■ Work instructions
Print the lines that run from the line with "les communes voisines" to the line with "标的指数很多,为什么选择沪深300指数?", keeping both end lines, exactly as they appear in the entries below, and nothing else.

[Crawled caption data]
□ □ □
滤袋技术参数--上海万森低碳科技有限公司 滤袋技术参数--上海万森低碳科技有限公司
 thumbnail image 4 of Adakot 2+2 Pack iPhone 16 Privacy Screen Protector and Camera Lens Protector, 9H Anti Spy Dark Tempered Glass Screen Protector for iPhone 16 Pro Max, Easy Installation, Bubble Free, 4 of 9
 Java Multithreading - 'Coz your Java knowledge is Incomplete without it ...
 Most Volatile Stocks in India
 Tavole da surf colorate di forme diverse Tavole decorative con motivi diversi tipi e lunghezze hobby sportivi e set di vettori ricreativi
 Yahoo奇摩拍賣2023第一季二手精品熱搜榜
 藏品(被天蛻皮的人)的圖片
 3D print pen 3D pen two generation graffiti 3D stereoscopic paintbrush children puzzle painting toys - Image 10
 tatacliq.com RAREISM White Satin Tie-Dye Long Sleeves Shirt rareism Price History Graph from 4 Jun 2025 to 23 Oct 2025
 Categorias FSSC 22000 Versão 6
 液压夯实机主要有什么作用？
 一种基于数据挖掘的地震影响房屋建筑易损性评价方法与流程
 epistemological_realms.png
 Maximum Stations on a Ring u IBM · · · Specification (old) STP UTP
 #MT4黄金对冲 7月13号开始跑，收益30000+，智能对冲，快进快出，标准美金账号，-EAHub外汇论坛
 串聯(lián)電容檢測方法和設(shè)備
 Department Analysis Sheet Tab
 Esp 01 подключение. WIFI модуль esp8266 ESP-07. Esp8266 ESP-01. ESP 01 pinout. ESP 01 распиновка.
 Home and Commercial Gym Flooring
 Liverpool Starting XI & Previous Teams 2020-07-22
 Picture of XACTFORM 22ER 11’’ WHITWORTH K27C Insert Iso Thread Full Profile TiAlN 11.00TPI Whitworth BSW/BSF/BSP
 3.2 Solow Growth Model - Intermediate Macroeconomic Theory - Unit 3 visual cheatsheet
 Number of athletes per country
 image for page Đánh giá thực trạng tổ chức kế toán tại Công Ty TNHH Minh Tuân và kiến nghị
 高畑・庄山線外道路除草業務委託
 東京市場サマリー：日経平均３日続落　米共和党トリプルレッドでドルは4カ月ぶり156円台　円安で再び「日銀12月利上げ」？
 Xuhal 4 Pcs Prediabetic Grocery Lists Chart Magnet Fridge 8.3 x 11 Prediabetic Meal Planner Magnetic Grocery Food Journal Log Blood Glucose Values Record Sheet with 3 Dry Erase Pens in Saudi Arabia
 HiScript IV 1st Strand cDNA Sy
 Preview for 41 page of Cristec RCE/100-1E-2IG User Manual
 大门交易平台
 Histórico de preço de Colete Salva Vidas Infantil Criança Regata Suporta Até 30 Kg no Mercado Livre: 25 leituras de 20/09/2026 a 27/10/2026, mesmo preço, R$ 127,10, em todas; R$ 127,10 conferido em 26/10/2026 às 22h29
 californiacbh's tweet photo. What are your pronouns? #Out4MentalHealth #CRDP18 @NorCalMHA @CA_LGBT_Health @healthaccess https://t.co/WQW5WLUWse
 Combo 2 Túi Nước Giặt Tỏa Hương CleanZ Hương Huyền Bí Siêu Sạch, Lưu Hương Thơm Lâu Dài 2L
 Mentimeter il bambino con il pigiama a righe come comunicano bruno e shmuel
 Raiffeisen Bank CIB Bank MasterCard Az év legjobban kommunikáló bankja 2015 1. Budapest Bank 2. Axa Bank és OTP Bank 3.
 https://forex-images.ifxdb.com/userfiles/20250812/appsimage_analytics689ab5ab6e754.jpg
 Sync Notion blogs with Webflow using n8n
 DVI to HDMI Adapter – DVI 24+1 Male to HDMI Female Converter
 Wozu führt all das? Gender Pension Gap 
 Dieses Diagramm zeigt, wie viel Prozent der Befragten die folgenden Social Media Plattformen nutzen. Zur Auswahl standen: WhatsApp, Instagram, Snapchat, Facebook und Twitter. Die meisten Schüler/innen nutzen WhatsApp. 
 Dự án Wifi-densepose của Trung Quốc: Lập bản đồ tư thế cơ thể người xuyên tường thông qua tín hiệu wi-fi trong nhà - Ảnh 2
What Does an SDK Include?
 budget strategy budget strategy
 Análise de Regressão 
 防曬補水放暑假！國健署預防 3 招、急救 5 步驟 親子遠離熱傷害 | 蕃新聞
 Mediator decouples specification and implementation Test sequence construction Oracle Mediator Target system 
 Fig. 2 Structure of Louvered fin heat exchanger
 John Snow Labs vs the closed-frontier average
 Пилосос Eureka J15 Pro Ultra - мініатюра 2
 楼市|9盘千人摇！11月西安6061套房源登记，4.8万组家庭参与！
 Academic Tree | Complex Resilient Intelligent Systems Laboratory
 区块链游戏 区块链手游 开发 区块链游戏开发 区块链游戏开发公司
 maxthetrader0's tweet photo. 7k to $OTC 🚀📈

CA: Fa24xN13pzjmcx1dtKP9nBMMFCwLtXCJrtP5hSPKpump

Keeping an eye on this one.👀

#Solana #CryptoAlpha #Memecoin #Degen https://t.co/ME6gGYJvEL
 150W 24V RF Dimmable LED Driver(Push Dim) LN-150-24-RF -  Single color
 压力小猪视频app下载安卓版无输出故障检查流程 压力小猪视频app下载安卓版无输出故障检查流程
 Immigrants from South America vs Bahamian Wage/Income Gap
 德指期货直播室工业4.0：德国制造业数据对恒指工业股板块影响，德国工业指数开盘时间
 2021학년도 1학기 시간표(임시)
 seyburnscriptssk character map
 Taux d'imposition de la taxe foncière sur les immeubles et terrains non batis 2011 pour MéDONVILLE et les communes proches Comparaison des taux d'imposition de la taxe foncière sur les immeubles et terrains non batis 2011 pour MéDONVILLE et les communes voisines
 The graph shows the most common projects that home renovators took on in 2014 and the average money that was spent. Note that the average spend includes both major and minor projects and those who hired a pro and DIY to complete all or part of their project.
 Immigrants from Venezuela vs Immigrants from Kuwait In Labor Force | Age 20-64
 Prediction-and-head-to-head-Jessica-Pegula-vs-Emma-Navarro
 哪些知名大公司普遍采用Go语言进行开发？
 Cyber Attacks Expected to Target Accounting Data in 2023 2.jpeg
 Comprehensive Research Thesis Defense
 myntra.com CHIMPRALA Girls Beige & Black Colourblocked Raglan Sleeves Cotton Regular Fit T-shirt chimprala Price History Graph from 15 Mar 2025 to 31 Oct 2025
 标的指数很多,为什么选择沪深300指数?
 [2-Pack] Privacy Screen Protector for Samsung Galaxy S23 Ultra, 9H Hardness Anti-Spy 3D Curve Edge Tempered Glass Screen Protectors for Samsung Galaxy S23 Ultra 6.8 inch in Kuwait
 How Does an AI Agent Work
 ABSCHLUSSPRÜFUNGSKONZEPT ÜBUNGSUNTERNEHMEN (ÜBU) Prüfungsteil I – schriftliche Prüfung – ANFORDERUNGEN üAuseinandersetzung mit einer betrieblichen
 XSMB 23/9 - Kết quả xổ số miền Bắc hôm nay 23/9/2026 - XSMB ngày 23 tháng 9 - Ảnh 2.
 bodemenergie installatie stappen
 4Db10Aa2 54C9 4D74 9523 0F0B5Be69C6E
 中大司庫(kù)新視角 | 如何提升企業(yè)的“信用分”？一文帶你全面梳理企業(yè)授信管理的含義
□ □ □
■ Response below
 Taux d'imposition de la taxe foncière sur les immeubles et terrains non batis 2011 pour MéDONVILLE et les communes proches Comparaison des taux d'imposition de la taxe foncière sur les immeubles et terrains non batis 2011 pour MéDONVILLE et les communes voisines
 The graph shows the most common projects that home renovators took on in 2014 and the average money that was spent. Note that the average spend includes both major and minor projects and those who hired a pro and DIY to complete all or part of their project.
 Immigrants from Venezuela vs Immigrants from Kuwait In Labor Force | Age 20-64
 Prediction-and-head-to-head-Jessica-Pegula-vs-Emma-Navarro
 哪些知名大公司普遍采用Go语言进行开发？
 Cyber Attacks Expected to Target Accounting Data in 2023 2.jpeg
 Comprehensive Research Thesis Defense
 myntra.com CHIMPRALA Girls Beige & Black Colourblocked Raglan Sleeves Cotton Regular Fit T-shirt chimprala Price History Graph from 15 Mar 2025 to 31 Oct 2025
 标的指数很多,为什么选择沪深300指数?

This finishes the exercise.